• Assignment
Could you please write out each line of the records exactly, minus the pictures?

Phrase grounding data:
-.-.-
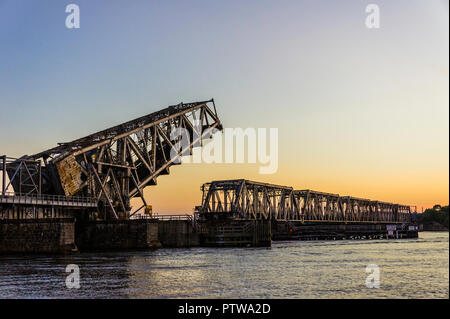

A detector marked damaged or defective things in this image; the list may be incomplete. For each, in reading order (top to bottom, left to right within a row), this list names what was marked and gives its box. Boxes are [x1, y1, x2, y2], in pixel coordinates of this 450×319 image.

rusted steel truss [4, 100, 221, 220]
rusted steel truss [199, 181, 414, 224]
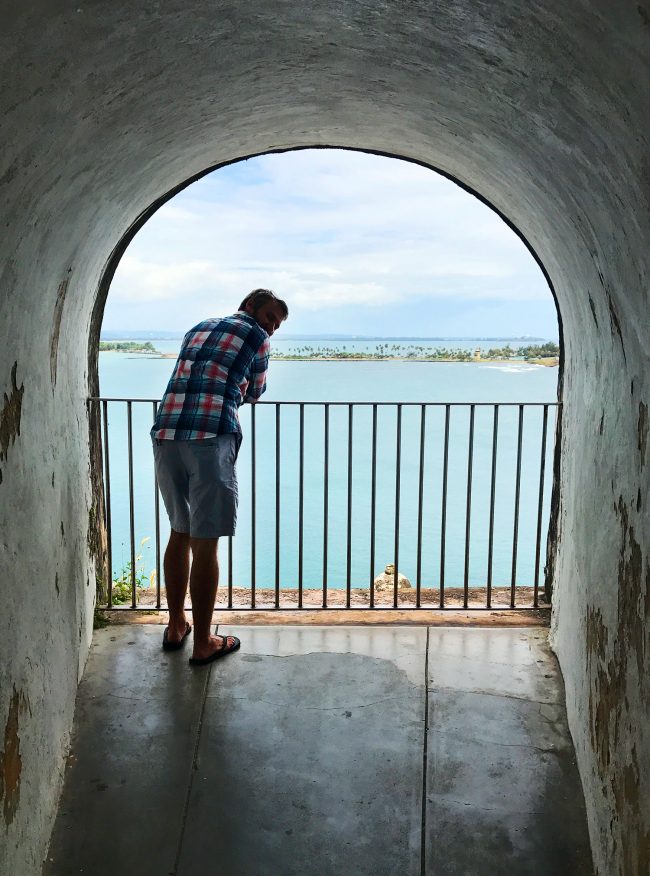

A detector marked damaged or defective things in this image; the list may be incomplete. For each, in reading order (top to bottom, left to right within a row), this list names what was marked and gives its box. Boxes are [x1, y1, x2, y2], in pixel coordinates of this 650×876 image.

peeling paint on wall [49, 278, 68, 386]
peeling paint on wall [0, 362, 24, 486]
peeling paint on wall [0, 688, 29, 824]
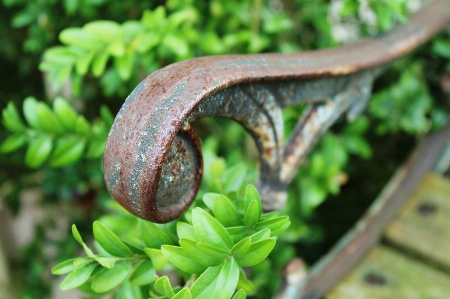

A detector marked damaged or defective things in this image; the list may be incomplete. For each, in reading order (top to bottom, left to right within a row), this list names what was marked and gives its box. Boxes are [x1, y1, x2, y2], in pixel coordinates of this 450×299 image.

rusty iron scroll [103, 0, 450, 223]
-.-.-
• Completed exercise
A detector marked damaged or defective things in this image; the list may be incomplete. For each, in reading order (top to bottom, left to right within a row), this list names what was marked and gives its box. Boxes are [x1, y1, x2, y2], in pixel coordinates of this 450×319 image.

rusted steel truss [4, 100, 221, 220]
rusted steel truss [199, 181, 414, 224]

A detector marked damaged or defective things in this image; the list may be incomplete. For each, in reading order (top to bottom, left to right within a row), this list names what was marked and gives its box. Boxes are [x1, y1, x2, y2], in pixel coordinates of this 650×876 image.

peeling paint on wall [49, 278, 68, 386]
peeling paint on wall [0, 362, 24, 486]
peeling paint on wall [0, 688, 29, 824]

A detector marked damaged or defective things in this image; the list may be incomplete. For each, in reading order (top to bottom, left to right within a row), this list names what was marked and gives its box. Boxes are [x1, y1, x2, y2], in pixel coordinates of this 450×299 image.

rusty iron scroll [103, 0, 450, 223]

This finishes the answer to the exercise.